Remember also that the CI is a single storage structure, which eliminates the (otherwise) Heap; the CI B-Tree is married to the rows at the Leaf level; the Leaf Level entry is the row. That guarantees one less read on every access.
- So it is not possible, that a NCI+Heap can be faster than a CI. Anther common myth in the MS world that defies the laws of physics: navigating a B-Tree and writing to the one place you are already in, has got to be faster than additionally writing the row to a separate storage structure. But MicroSofties do believe in magic, they've suspended the laws of physics.
  .
There are many other features you need to learn and use, I will mention at least FILLFACTOR and RESERVEPAGEGAP, to give this post a bit of completeness. Do not use these features until you understand them. All performance features have a cost that you need to understand and accept.
CIs are also self-trimming at both the Page and Extent level, there is no wasted space. PageSplits are something to monitor for (Random inserts only), and that is easily modulated by FILLFACTOR and RESERVEPAGEGAP.
And read the SO site for Clustered Indices, but keep in mind all the above, esp. the first two paras.

Your Specific Case

By all means, get rid of your surrogate keys (Idiot columns), and replace them with true natural Relational keys. Surrogates are always an additional key and index; that is a price that should not be forgotten or taken lightly.

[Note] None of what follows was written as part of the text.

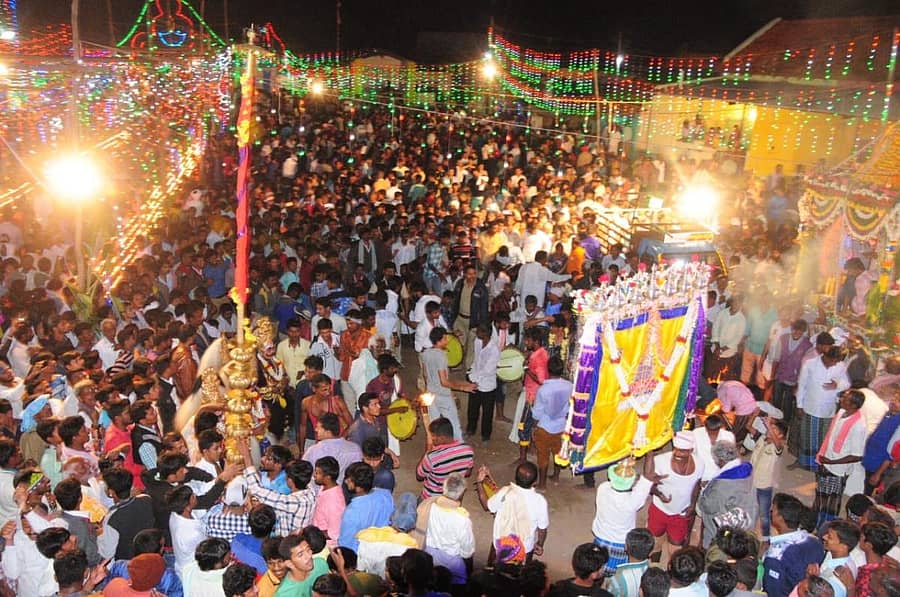 ಕೆರಗೋಡು ಸಮೀಪದ ಆಲಕೆರೆ ಗ್ರಾಮದ ವೀರಭದ್ರೇಶ್ವರ ದೇವಸ್ಥಾನದ ಆವರಣದಲ್ಲಿ ಸೇರಿದ್ದ ಭಕ್ತಸಮೂಹ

CompanyIdentifier+DepartmentIdentifier+[uniquiefier] is exactly what I am talking about. Now notice that they are already INTs, and very fast, so it is very silly to add a NUMERIC(10,0) Idiot Key. Use a 1- or 2-byte column toforce Uniqueness.
If you get this right, you may not need a Partition licence.

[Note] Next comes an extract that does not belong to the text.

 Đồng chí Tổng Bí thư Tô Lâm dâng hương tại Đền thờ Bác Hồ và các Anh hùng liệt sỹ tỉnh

The CompanyIdentifier+DepartmentIdentifier+[uniquifier] is the perfect candidate (not knowing anything about your db other than that which you have posted) for a CI, in the context that you perform mass delete/insert periodically. Detailed above.

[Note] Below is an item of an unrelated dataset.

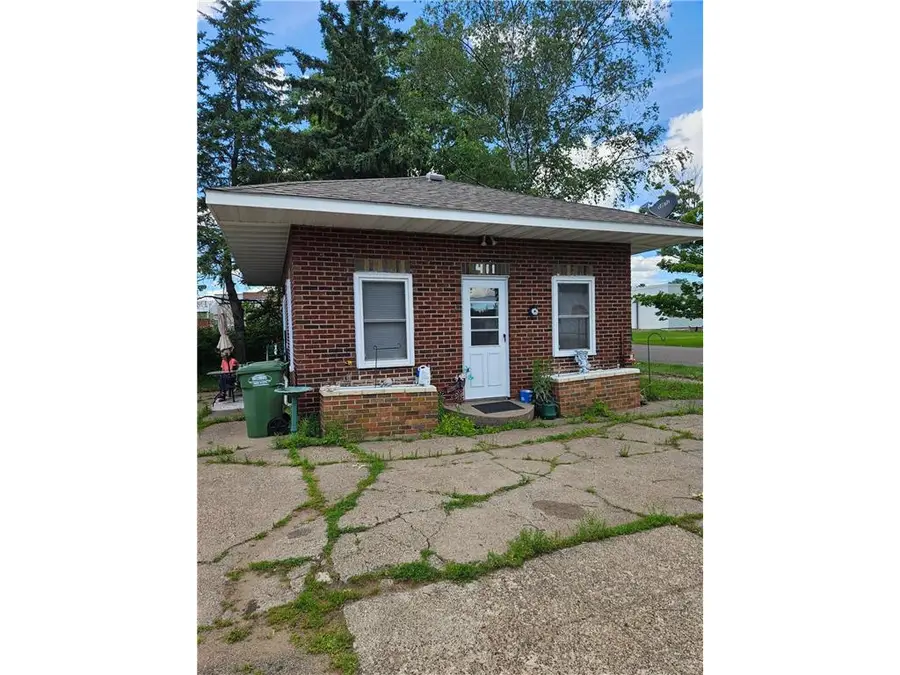 411 5th Street, Clear Lake, WI 54005 - #3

- Contrary to what others have stated, this is a good thing, and does not fragment the CI. Lets' say ou have 20 Companies, and you delete 1, which constitutes 5% of the data. That entire PageChain which was reasonably contiguous, is now relegated to the FreePageChain, contiguous and intact. To be precise, you have a single point of fragmentation, but not fragmentation in the sense of the normal use of the word. And guess what, if you turn around and perform a mass insert, where do you think that data will go ? That's right the exact same physical location as the Deleted rows. And the FreePageChain moves to the PageChain, extent and page at a time.
  .
but what is alarming is that you did not know about the demand for CI to be Unique. Sad that the MicroSofties write rubbish, but not why/what each simplistic rule is based on; not the core information. The exact symptom of non-unique CIs is, the table will be very fast immediately after DROP/CREATE CI, and then slow down over time. An good Unique CI will hold its speed, and it would take a year to slow down (2 years on my large, active banking dbs).
4 hours is a very long time for 1 Billion rows (I can recreate a CI on 16 billion rows with a 6-column key in 3 minutes on an enterprise platform). But in any case, that means you have to schedule it as regular weekly or demand maintenance.
why aren't you using the WITH SORTED_DATA option ? Wasn't your data sorted, before the drop ? This option rewrites the CI Non-leaf pages but not the leaf pages (containing the rows). It can only do that if it is confident that the data was sorted. Not using this option rewrites every page, in physical order.